何故って、恥ずかしながら、私も内心、親に対して苛々していましたから。
私も20代の頃は、一緒に買い物や食事、時には映画を見に行く等、仲は良かったです。
しかし、30代を迎えて、仕事も恋も思う様に行かなくて、毎日が苦しいと「何故、自分はダメなんだろう」と思ってしまう。
自分の思い癖を探る内に、子供の頃の事まで、色々と思い出してしまうんです。
あれが出来なかったなとか、これもダメだったなとか、こうされて傷付いたとか。
その中で、親との関わりが浮上してきます。
例えば、姉だからと言う理由で我慢ばかりして来た→甘え下手→恋愛が下手と言う様に。
特に母と娘は近い関係にありますから、成長過程で、母の価値観・社会基準が刷り込まれて行くのでしょう。

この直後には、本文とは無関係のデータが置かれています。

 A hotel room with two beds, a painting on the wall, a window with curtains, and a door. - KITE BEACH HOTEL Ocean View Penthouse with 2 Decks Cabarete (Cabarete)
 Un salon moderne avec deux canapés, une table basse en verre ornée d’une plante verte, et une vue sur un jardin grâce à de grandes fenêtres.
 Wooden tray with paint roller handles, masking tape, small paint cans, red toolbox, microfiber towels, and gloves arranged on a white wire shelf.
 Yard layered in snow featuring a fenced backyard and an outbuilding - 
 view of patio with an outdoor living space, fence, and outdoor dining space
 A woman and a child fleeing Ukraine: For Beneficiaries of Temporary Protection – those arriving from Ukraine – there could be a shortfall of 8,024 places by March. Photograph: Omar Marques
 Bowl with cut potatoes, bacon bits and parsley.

子供にとって親は絶対的な存在なので、親の感情で叱られると、萎縮したり、どうせ分かってくれないと開き直ったり、我慢して、その場をやり過す内に、上手く感情表現が出来ないまま、大人になって行く様な気がします。
甘えと言えば甘えです。
娘に良かれと思って、一生懸命育てて来たのに、子供の頃の事をほじくり出して親を責めているのですから、親御さんは辛いですよね。
しかし、子供目線で弁解させて頂くと、子供は親の期待に応えたいんです。
大人になっても、親は親。親御さんから愛されたいと思っています。
そして、無意識レベルで、期待に沿えない自分が情けなく思う。
その結果、私がこんなに辛いのはアナタのせいだ、となってしまうんです。
勿論、親御さんは必要以上に期待をかけたりしなかったし、ひたすらお子さんを大事に思っていた事でしょう。

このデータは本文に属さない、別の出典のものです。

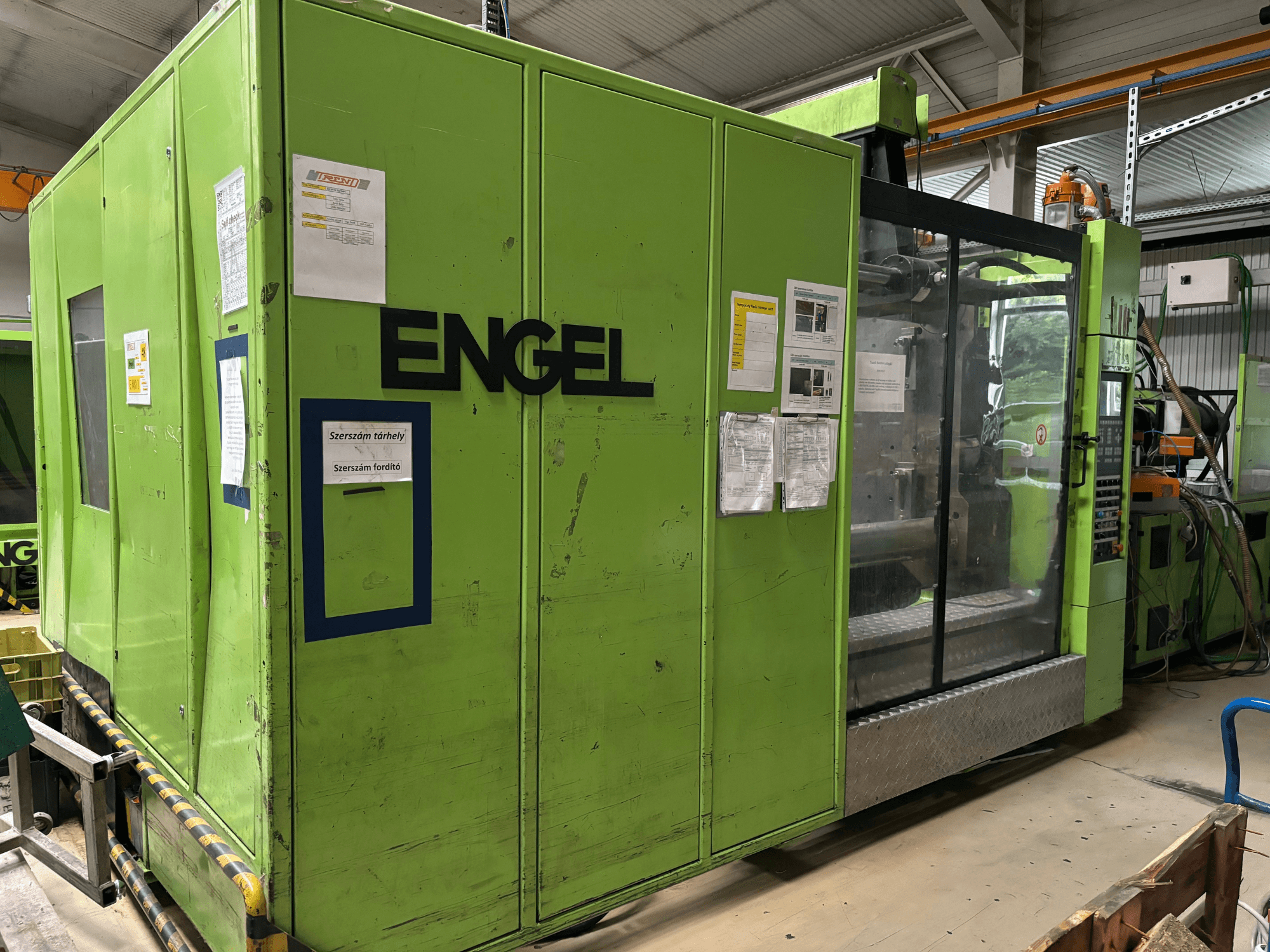 Гідравлічна машина для лиття під тиском Engel DUO 5550/800, вид спереду, із зеленим зовнішнім виглядом і прозорою панеллю доступу.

でも、子供って、親御さんが思う以上に「こうすれば、お母さんが喜んでくれるから」と言う事を敏感に察知して、行動しているんです。
それに子供だって、親に対して見栄を張りたいんですよ。
苛められている子が、親に心配をかけたくなかったから、と言って黙っている事がありますよね。
心配をかけたくない気持ちもあるし、親御さんの前では、理想的な良い子でいたいんです。
そして親が喜ぶ様な選択をする内に、親の価値観や想念が刷り込まれて行く。
でも、娘さんには別の価値観があります。
お母様の生まれて来た目的と娘さんの目的は違うのですから。
すると、娘さんは、知らず知らず刷り込まれた他人の価値観を生きる事が窮屈になってしまう。
本人が、それが親御さんの価値観と気付いているか否かは分かりませんが、そろそろ自分の人生を歩きたい為に、ついつい言い方がキツクなってしまうんです。
例えば、中世のカスティリア女王イザベラとファナやマリア・テレジアと娘達母娘も同じでした。
共に母性に溢れた女性なだけに、娘達に対する心配の種は尽きませんでした。
お嫁に行って不幸な目に遭わない様に、家名を汚す事が無い様に、向こうのご両親や旦那さんから可愛がられる様にetc。
娘が一歩国を出たら、もう守ってあげる事は出来ないのですから。
2人共、可愛い我が子が国家の道具として利用される事を思うと、身を削られる様な気持ちでしたから、ついつい、過干渉になってしまう。
目の前にある石を少しでも退けてあげたいと願うのは、古今東西、親御さんは一緒です。
しかし、ファナはお輿入れの時、これで母親の影から離れられると思うと、ホっとしたそうです。
幸せになって欲しい一心で心を砕いてきた事も、それはお母様の価値観。
そうして、知らずして刷り込まれた、母親の価値観の元に成長してしまう。
幼い頃はお母様の価値観と自分の価値観の違いに気づいていなくても、心の奥で蓋をしていた本来の自分が、徐々に浮上してくるんです。
尤も、お姫様達の場合は、一国の存亡がかかっていますから、致し方ありませんが。